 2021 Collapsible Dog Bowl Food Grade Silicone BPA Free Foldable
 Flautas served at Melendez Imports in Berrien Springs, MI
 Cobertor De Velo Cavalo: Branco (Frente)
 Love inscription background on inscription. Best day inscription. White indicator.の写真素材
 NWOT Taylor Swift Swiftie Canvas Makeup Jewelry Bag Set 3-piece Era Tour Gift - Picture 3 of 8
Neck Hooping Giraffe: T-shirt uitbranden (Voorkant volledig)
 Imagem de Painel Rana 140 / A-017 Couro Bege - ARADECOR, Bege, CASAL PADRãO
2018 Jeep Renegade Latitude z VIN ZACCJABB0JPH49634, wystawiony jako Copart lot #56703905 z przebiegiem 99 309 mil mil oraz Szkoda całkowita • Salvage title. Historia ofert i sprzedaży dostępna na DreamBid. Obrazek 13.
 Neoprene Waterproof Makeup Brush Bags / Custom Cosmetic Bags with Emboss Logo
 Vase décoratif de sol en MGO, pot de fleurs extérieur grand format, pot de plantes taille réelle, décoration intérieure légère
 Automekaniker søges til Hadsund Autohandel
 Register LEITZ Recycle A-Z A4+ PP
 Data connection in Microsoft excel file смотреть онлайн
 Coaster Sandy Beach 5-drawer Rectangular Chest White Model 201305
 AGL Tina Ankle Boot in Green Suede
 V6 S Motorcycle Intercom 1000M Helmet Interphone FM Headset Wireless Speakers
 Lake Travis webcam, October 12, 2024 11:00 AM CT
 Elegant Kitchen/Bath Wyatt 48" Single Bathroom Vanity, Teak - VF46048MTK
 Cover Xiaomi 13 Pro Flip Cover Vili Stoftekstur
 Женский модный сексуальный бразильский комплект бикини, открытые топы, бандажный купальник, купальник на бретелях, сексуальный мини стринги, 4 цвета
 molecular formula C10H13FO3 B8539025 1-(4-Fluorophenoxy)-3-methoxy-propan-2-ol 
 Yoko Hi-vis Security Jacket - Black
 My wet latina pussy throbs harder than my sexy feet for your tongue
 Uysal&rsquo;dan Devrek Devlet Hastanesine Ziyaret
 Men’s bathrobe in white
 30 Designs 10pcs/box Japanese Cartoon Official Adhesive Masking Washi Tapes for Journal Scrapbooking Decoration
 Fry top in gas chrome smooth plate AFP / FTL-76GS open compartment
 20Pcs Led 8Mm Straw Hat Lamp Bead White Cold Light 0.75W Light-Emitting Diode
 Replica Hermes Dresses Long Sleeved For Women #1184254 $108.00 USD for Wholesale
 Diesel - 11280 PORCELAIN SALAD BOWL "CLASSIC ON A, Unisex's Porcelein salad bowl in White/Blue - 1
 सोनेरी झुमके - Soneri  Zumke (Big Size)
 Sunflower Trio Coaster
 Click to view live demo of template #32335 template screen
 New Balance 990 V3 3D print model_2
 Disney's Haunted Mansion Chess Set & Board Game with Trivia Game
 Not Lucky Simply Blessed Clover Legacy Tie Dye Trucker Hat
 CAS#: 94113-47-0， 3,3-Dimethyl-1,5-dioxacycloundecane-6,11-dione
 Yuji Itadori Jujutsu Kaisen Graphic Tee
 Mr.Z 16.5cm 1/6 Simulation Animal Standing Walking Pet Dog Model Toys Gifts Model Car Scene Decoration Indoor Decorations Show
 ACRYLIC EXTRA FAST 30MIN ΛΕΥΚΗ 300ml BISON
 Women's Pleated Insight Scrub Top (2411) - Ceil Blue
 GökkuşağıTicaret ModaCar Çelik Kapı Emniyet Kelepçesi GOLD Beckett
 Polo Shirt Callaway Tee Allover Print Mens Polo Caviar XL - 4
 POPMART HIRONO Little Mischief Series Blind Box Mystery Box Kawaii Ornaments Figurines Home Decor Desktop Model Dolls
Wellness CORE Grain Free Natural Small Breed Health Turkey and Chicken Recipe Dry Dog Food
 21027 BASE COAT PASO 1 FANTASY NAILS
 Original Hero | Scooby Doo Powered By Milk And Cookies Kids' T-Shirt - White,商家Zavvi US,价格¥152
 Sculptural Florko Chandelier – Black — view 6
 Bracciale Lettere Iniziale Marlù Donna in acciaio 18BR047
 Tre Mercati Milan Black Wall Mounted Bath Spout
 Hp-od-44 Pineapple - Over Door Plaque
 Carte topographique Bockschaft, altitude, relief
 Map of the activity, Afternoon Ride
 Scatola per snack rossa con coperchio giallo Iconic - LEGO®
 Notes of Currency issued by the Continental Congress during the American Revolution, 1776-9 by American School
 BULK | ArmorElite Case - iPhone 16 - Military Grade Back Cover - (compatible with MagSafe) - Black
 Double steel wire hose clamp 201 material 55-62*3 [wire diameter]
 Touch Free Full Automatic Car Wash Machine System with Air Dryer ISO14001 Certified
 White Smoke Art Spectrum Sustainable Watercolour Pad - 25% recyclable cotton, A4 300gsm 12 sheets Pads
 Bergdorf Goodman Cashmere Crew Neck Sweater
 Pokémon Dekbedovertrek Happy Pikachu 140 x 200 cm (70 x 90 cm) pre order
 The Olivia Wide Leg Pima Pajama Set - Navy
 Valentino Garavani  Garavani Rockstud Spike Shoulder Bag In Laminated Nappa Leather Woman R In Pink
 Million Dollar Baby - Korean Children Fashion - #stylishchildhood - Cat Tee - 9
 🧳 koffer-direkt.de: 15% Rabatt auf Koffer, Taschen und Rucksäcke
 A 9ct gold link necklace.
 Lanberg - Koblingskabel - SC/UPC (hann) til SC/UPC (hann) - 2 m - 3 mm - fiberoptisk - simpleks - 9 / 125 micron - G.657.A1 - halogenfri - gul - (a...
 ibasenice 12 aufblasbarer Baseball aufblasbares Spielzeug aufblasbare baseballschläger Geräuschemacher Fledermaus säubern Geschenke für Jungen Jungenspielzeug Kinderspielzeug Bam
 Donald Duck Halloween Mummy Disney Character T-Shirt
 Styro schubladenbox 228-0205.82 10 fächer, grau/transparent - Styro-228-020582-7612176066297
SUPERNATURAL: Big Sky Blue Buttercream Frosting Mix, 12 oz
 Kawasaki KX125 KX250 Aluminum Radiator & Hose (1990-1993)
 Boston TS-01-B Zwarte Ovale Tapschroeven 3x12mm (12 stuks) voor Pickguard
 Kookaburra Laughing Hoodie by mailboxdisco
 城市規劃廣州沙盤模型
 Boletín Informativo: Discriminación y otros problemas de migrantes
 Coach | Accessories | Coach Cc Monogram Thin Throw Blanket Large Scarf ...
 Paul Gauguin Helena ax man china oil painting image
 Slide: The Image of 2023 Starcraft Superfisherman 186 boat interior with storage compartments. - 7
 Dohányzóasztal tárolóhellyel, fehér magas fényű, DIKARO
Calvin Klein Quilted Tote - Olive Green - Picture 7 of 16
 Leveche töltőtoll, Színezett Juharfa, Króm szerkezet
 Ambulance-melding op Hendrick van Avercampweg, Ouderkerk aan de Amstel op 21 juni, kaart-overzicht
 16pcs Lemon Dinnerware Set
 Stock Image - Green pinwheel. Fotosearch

+ + + + + + +

EXERCISE GOAL: Please copy out each line of the data in which the word "Disney" occurs.

REPLY TO THE TASK:
 Disney's Haunted Mansion Chess Set & Board Game with Trivia Game
 Donald Duck Halloween Mummy Disney Character T-Shirt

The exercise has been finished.